In their present Correspondence on our recent Opinion article (Antigen-inexperienced memory CD8+ T cells: where they come from and why we need them. Nat. Rev. Immunol. 17, 391–400 (2017)1), Kawabe et al. present a compelling case for the consideration of CD4+ T cell memory developing in the absence of foreign antigen encounter (Foreign antigen-independent memory-phenotype CD4+ T cells: a new player in innate immunity? Nat. Rev. Immunol. https://doi.org/10.1038/nri.2018.12 (2018)2).
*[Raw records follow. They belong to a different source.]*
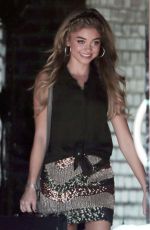 SARAH HYLAND on the Set of Modern Family in Venice Beach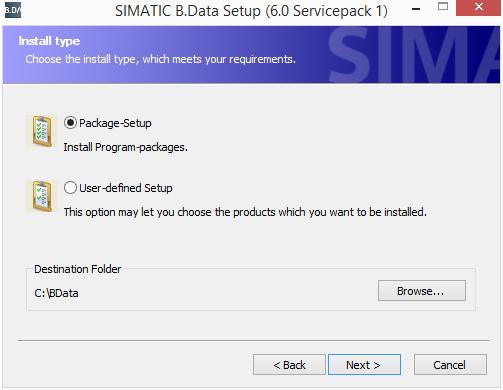2.3 Installing B.Data 5. Read the version information about the use of B.Data and click "Next".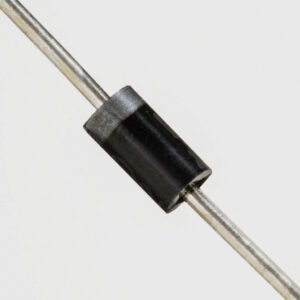 A high-quality BA157 fast recovery rectifier diode (1A, 400V) in a DO-41 package for Sinclair ZX Spectrum power circuit repairs.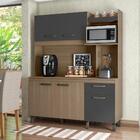 Kit Cozinha 5 Portas 1 Gaveta Beaumont Carvalho Grife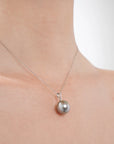Kokuhō Black Tahiti Diamond Pendant
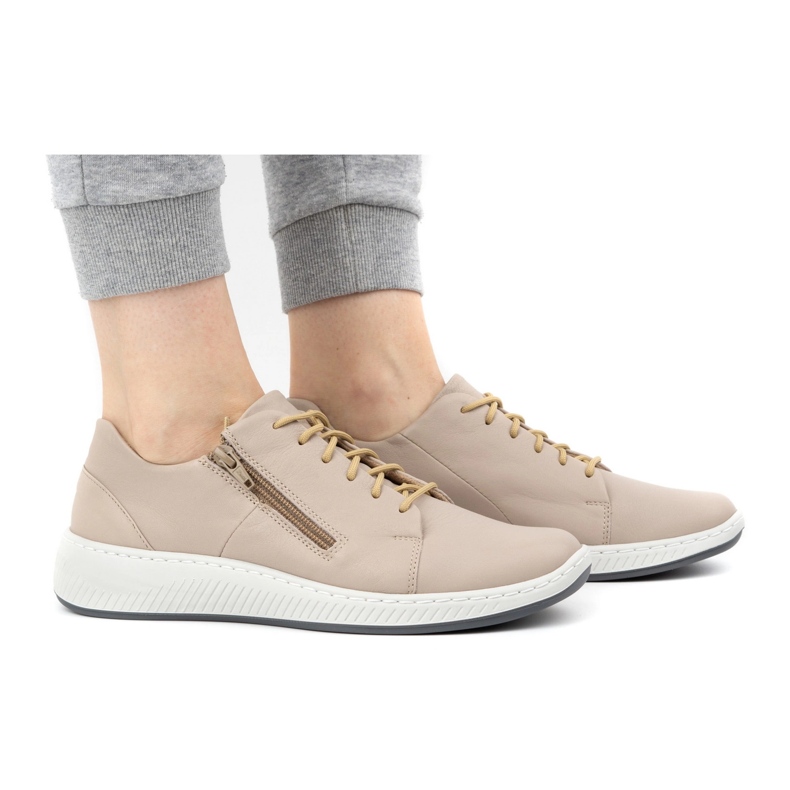 WASAK Női cipő bőr tornacipő 0602W szürke 2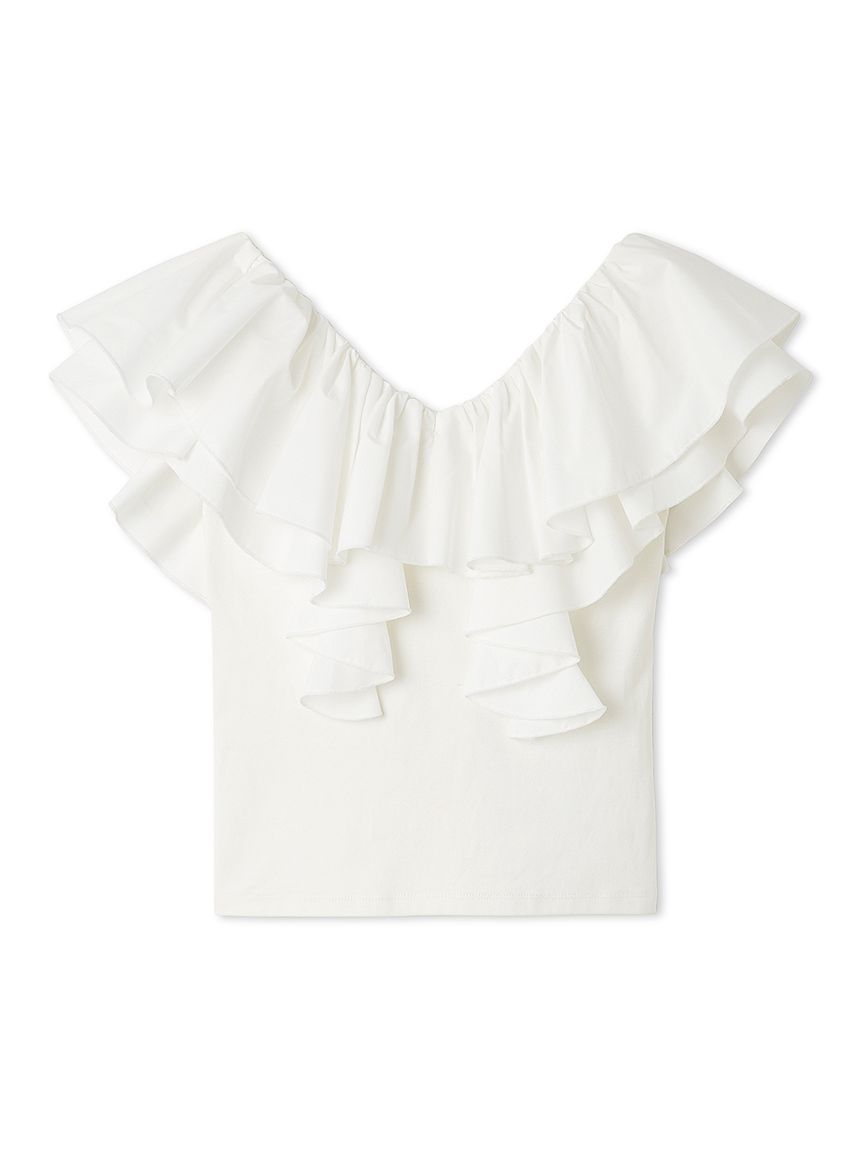 デコルテフリルカットトップス(Tシャツ・カットソー)｜トップス｜LILY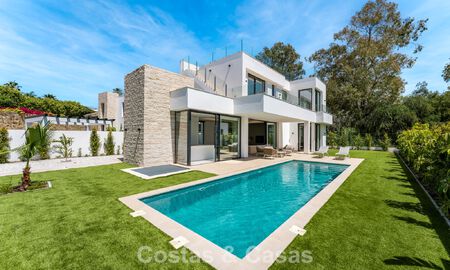 Luxury modern designer villa with swimming pool for sale on the New Golden Mile, Close to San Pedro - Marbella 802830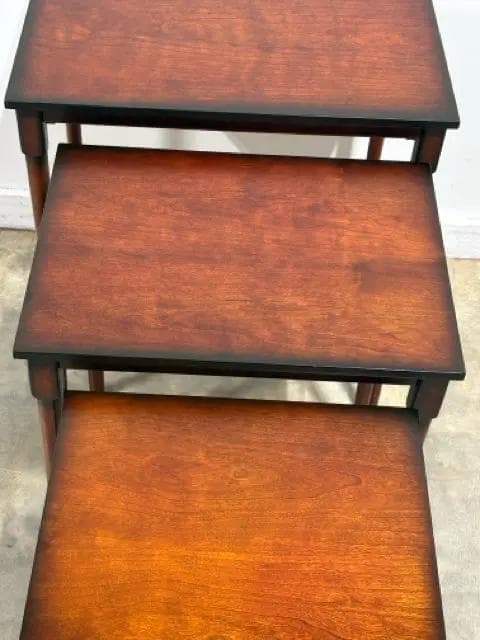 Bombay Company 3 Wooden Nesting Tables - Thumbnail 4
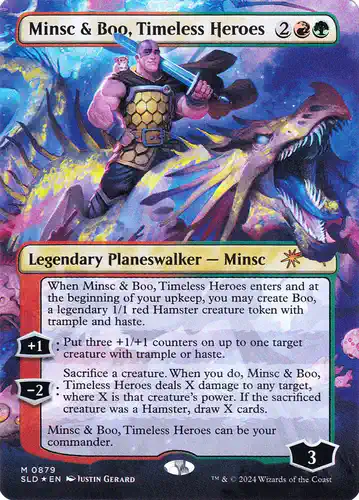 Minsc & Boo, Timeless Heroes - sld Spoiler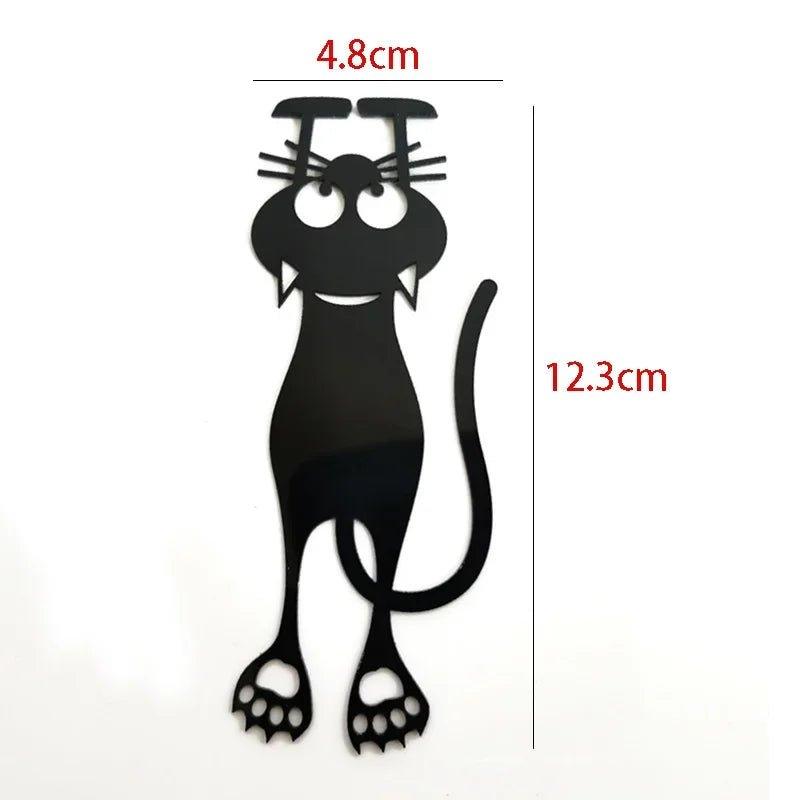 Black Cat Bookmark - Feline Fancy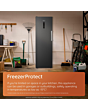 Hotpoint HPK26413XR6UKE 59.5cm 70/30 Fridge Freezer Black Steel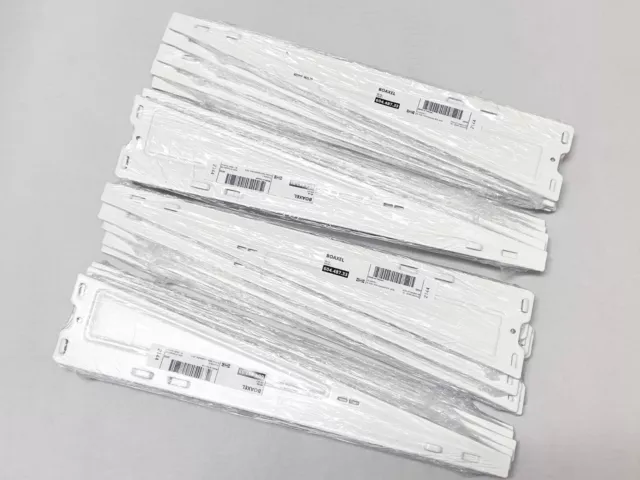 SET OF 20 - Ikea BOAXEL Bracket for Shelf, White 15 3/4 " 604.487.33 - NEW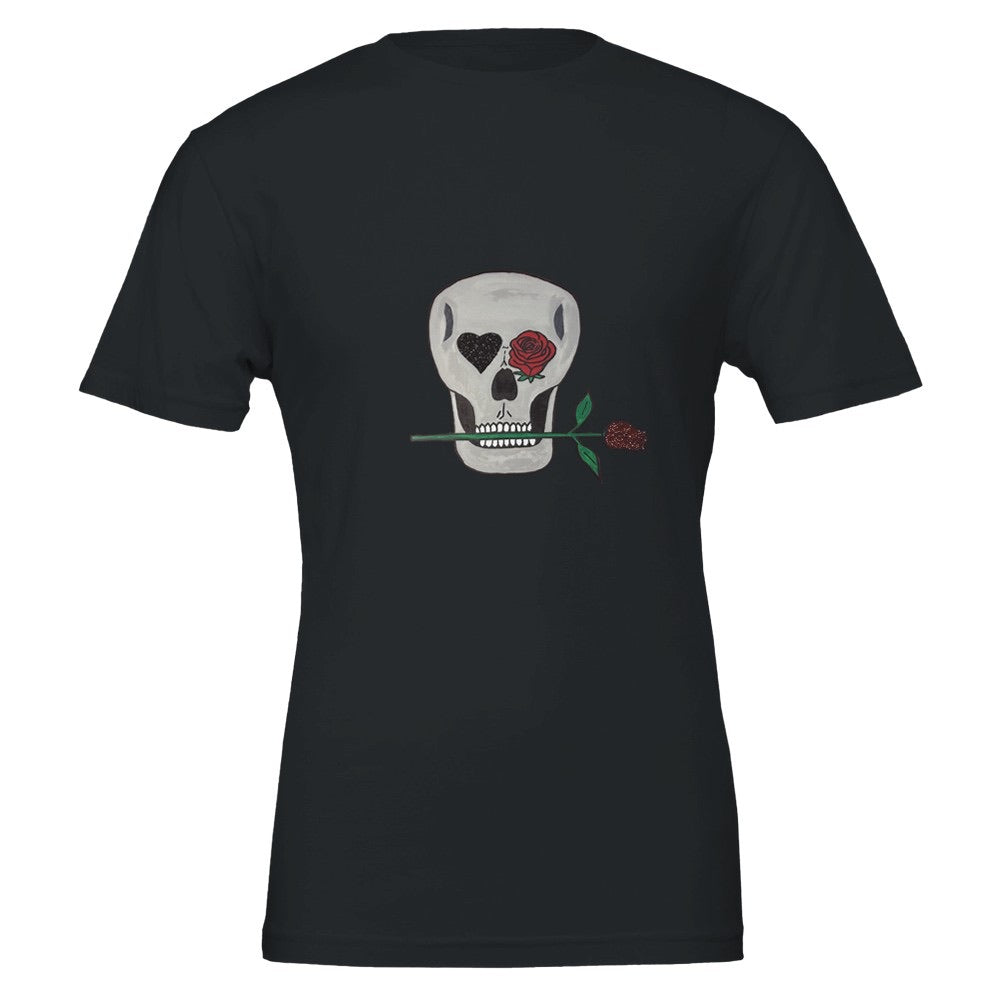 Skull and Roses Premium Unisex Crewneck T-shirt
They make this conclusion based both on their own published data3, as well as on recent data from Charlie Surh who identified memory phenotype (MP) CD4+ T cells in both germ-free (GF) and 'antigen-free' (GF mice raised on an elemental diet free of potential food and foreign antigens) mice4. Collectively, with their recent publication, the authors do well to support their assertion that “a memory-like phenotype associated with innate immune function is a feature of both CD4+ and CD8+ T lymphocytes.”

That said, the data are not entirely consistent with the conclusion that the CD4+ T cell compartment contains memory analogous to CD8+ innate memory T (TIM) or virtual memory T (TVM) cells. Our previous article on TIM and TVM cells centred on the clarification of these subsets as antigen-inexperienced memory cells1, that is, T cells that arise without any overt stimulation through their T cell receptor (TCR). While it is clear that Kawabe and colleagues have shown that memory CD4+ T cells can be produced independently of encounter with foreign antigens3, they do not show that they can occur in the absence of any antigen encounter, a characteristic thus far unique to TIM and TVM cells. Bill Paul and colleagues showed that an established subset of MP CD4+ T cells can undergo rapid proliferation independently of MHC class II5, but conversion of naive CD4+ T cells into an MP appears to be fully dependent on MHC class II and CD28, consistent with the requirement for TCR stimulation3. As highlighted in our review, CD49d staining is an effective way to delineate antigen-experienced (CD49dhi) versus antigen-inexperienced (CD49dlow) T cell memory1. Although this cellular marker has yet to be shown on the foreign antigen-independent CD4+ memory T cells studied by Kawabe and colleagues, I would suspect that its analysis would reveal a history of antigen encounter. Given this, we suggest that MP CD4+ T cells can indeed arise as a result of self-antigen encounter. For reasons yet to be elucidated, the context of this self-antigen encounter inspires dramatic proliferation and conversion, not into regulatory T cells, but into T-bet-expressing T helper 1 (TH1) cells with bystander protective capacity3. Taken together, it appears that while the CD8+ T cell pool can develop memory subsets independently of any antigen encounter, the CD4+ T cell pool has memory subsets that develop independently of foreign antigen encounter but still require antigen stimulation (from self antigens). Regardless of the mechanisms underlying these differences, there is a larger point highlighted by both sets of data; memory T cells are unquestionably useful and the host seems bent on deriving them by whatever means possible.